Segment Open
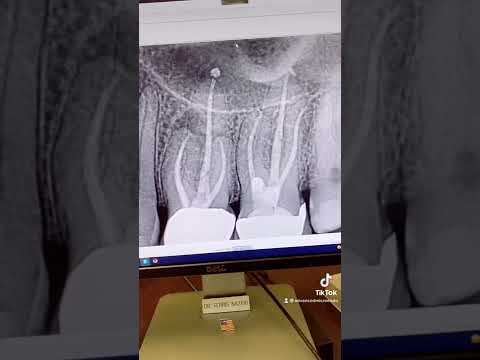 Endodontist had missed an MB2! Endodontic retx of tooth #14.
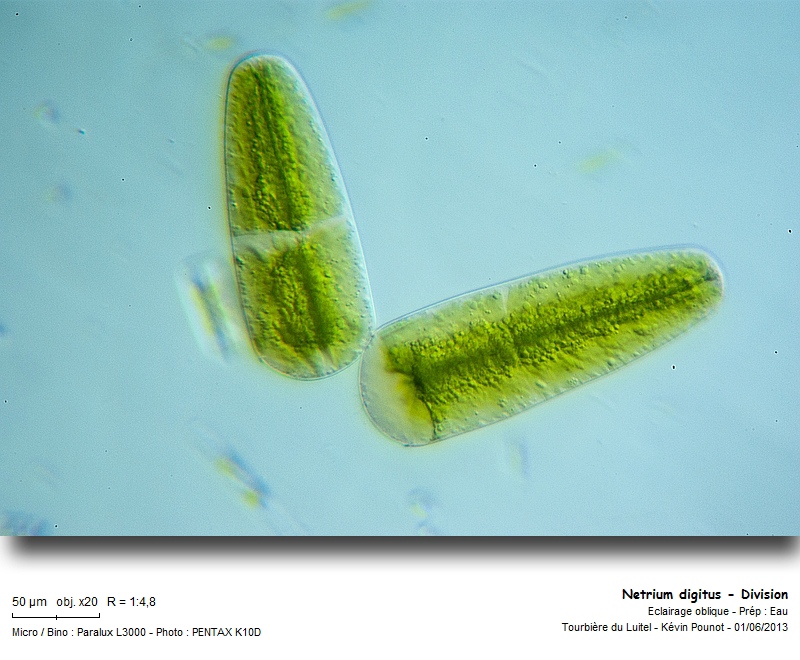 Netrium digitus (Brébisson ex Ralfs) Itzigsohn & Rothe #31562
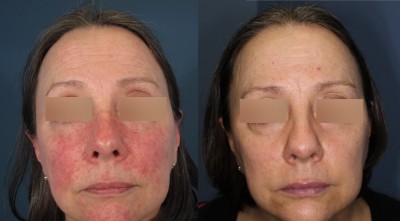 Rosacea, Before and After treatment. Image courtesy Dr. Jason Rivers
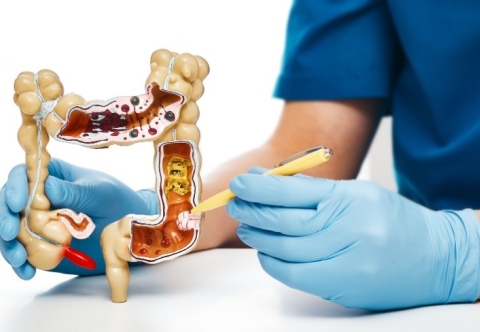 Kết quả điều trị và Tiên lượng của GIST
Segment Closed
Segment Open
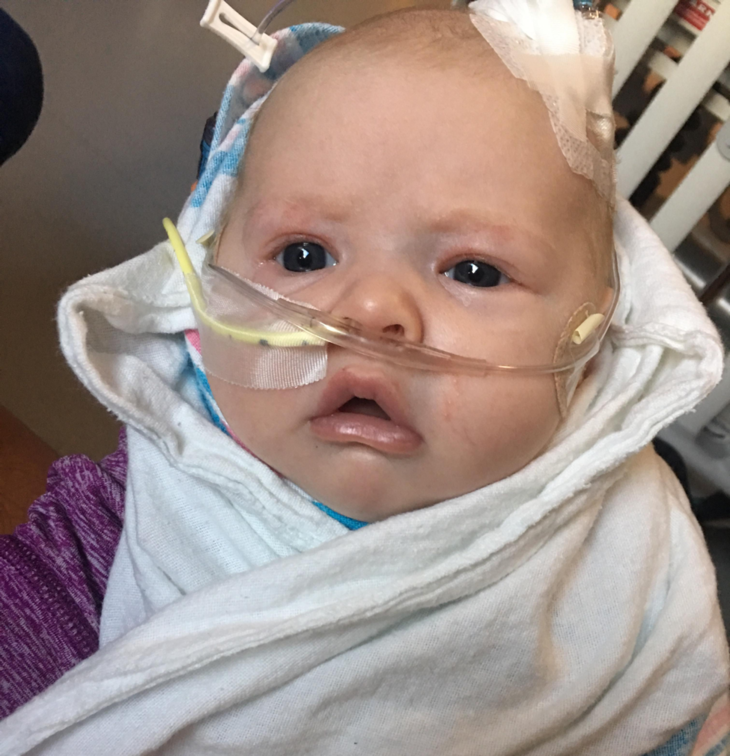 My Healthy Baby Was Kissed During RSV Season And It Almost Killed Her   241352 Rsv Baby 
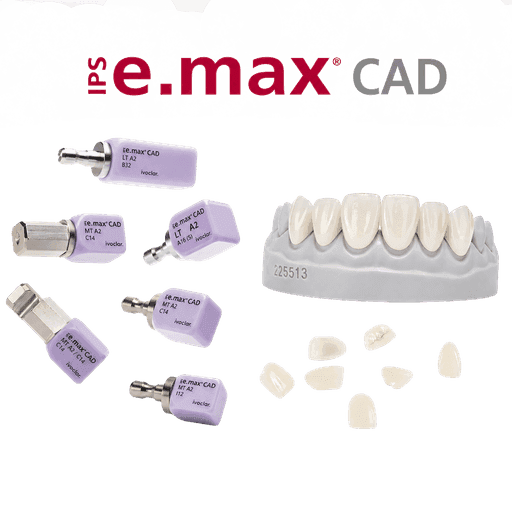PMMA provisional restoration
Segment Closed
=== Task to carry out ===
Please return the material above only from the line that holds "Endodontist had missed" through the line that holds "Kết quả điều trị và Tiên lượng của GIST", exactly as it stands, ends included and pictures omitted.

=== Result ===
 Endodontist had missed an MB2! Endodontic retx of tooth #14.
 Netrium digitus (Brébisson ex Ralfs) Itzigsohn & Rothe #31562
 Rosacea, Before and After treatment. Image courtesy Dr. Jason Rivers
 Kết quả điều trị và Tiên lượng của GIST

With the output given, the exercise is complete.